# WORK ORDER
Please transcribe the data that follows exactly, from its first line through the line that contains "a leopard print pillow on a white background".

(PROVIDED MATERIAL begins)

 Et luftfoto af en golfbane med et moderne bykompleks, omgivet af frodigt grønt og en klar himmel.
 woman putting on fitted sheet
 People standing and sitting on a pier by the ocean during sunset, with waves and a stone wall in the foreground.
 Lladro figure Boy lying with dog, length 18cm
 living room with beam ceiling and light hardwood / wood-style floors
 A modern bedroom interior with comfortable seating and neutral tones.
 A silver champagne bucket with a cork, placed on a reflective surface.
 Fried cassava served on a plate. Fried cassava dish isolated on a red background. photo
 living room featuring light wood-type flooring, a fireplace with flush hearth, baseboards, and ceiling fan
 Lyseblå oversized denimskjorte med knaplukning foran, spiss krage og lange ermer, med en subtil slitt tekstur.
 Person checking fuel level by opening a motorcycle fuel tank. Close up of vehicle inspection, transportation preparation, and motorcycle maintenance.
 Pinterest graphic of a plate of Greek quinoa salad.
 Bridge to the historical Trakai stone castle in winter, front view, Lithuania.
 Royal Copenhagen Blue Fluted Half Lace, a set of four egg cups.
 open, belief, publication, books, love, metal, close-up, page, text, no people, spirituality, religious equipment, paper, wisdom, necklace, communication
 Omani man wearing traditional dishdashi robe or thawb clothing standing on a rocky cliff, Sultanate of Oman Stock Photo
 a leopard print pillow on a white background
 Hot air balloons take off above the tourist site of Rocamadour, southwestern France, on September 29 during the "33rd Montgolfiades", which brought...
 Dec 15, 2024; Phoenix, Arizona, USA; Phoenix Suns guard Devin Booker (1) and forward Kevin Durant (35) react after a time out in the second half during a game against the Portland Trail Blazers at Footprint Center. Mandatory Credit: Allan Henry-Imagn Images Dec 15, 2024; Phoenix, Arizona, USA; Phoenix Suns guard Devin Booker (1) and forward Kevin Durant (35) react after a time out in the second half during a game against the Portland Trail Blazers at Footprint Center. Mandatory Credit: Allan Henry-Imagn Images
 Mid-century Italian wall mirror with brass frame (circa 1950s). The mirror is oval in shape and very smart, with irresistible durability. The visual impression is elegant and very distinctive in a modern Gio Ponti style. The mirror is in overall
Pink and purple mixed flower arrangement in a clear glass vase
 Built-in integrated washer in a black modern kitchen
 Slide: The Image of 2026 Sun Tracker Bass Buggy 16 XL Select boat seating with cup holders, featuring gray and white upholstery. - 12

(PROVIDED MATERIAL ends)

# ANSWER FOR THIS EXERCISE
 Et luftfoto af en golfbane med et moderne bykompleks, omgivet af frodigt grønt og en klar himmel.
 woman putting on fitted sheet
 People standing and sitting on a pier by the ocean during sunset, with waves and a stone wall in the foreground.
 Lladro figure Boy lying with dog, length 18cm
 living room with beam ceiling and light hardwood / wood-style floors
 A modern bedroom interior with comfortable seating and neutral tones.
 A silver champagne bucket with a cork, placed on a reflective surface.
 Fried cassava served on a plate. Fried cassava dish isolated on a red background. photo
 living room featuring light wood-type flooring, a fireplace with flush hearth, baseboards, and ceiling fan
 Lyseblå oversized denimskjorte med knaplukning foran, spiss krage og lange ermer, med en subtil slitt tekstur.
 Person checking fuel level by opening a motorcycle fuel tank. Close up of vehicle inspection, transportation preparation, and motorcycle maintenance.
 Pinterest graphic of a plate of Greek quinoa salad.
 Bridge to the historical Trakai stone castle in winter, front view, Lithuania.
 Royal Copenhagen Blue Fluted Half Lace, a set of four egg cups.
 open, belief, publication, books, love, metal, close-up, page, text, no people, spirituality, religious equipment, paper, wisdom, necklace, communication
 Omani man wearing traditional dishdashi robe or thawb clothing standing on a rocky cliff, Sultanate of Oman Stock Photo
 a leopard print pillow on a white background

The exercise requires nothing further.